I do not believe that loving yourself equates to subjecting yourself to trauma. We as clergy use our voices to proclaim the life-changing gospel of Jesus Christ. We use our voices to advocate for the disenfranchised and impoverished among us. Yet, we find it difficult to use our voices to speak out for ourselves. 

It is time for clergy to learn how to holler. What is the holler? 

“The Holler is the primal cry of pain, abuse, violence, separation … ,” writes A. Elaine Brown Crawford, in Hope in the Holler: A Womanist Theology (published by Westminster John Knox Press, 2002). “[It] is the refusal to be silenced … The Holler is the renunciation of racialized and genderized violence …  [It] is a cry to God to ‘come and see about me,’ one of your children.”

In other words, hollering is lamenting. It is naming our pain. It is giving our pain a sound. It is individual. It is communal. And it is necessary for our mental, spiritual and physical health. It is necessary in order for us to be safe. 

In a conversation with the Rev. Dr. Jalene Chase, former Metro Transit Police Officer in Washington and current pastor of Goshen United Methodist Church in Gaithersburg, Maryland, I asked for some tips for clergy — specifically clergywomen — when engaging people who make them feel uncomfortable. 

She said:

  1. Draw attention to yourself.
  2. Use your voice. Verbalize when you feel threatened. For instance, say in a firm and loud tone, “Sir, you are in my personal space and I feel uncomfortable.” 
  3. Disengage when things start to escalate because we can’t help everyone.  
  4. Never be in the church building alone or with someone you do not know. 
  5. Be aware of people’s body language because sometimes their body language differs from the words they are saying. 
  6. Remember that when things start to escalate, we need to help ourselves first. We need to be there another day to help someone else — help someone who is open to receiving our help. 

My fellow clergy brothers and sisters, our voices are not just for God and God’s people; our voices are for us, too. It is OK to use your voice to advocate for yourself and to bring attention to the moments when you feel unsafe or uncomfortable. You matter. Your presence is important. 

Remember that the Spirit of the living God is with you every single day. That Spirit will and can give you holy boldness to use your voice, to give pain a sound and to say that you are not OK, so that the people of God can intervene for you just as you have intervened and interceded for them. You are worth it! 

Butler is the senior pastor of Asbury Town Neck United Methodist Church in Severna Park.
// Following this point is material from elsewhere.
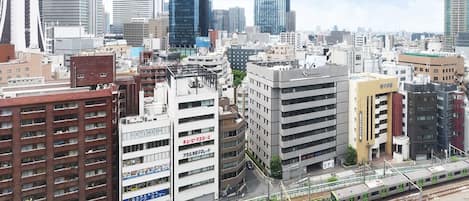 A cityscape with modern buildings, a train on tracks, and a sushi restaurant.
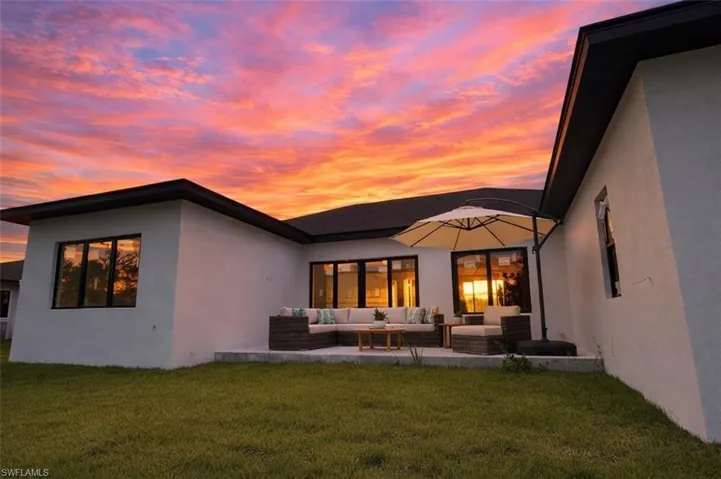Back of property at dusk with a lawn, stucco siding, a patio area, and an outdoor hangout area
In 2019, she received her doctor of ministry degree from Candler School of Theology with a focus in Biblical Interpretation and Proclamation, and her project was titled, "The Power of Mourning: Creating Spaces of Vulnerability for Black Clergywomen to Lament and Holler." She is a contributor to Do Not Be Afraid: Bishops & Young Clergy Share Signs of Resurrection & Words of Hope; I’m Black. I’m Christian. I’m Methodist.; and What’s Next?: Twenty-Two United Methodist Leaders Discuss the Future of the Church. She is a preacher, lecturer, facilitator, author and scholar.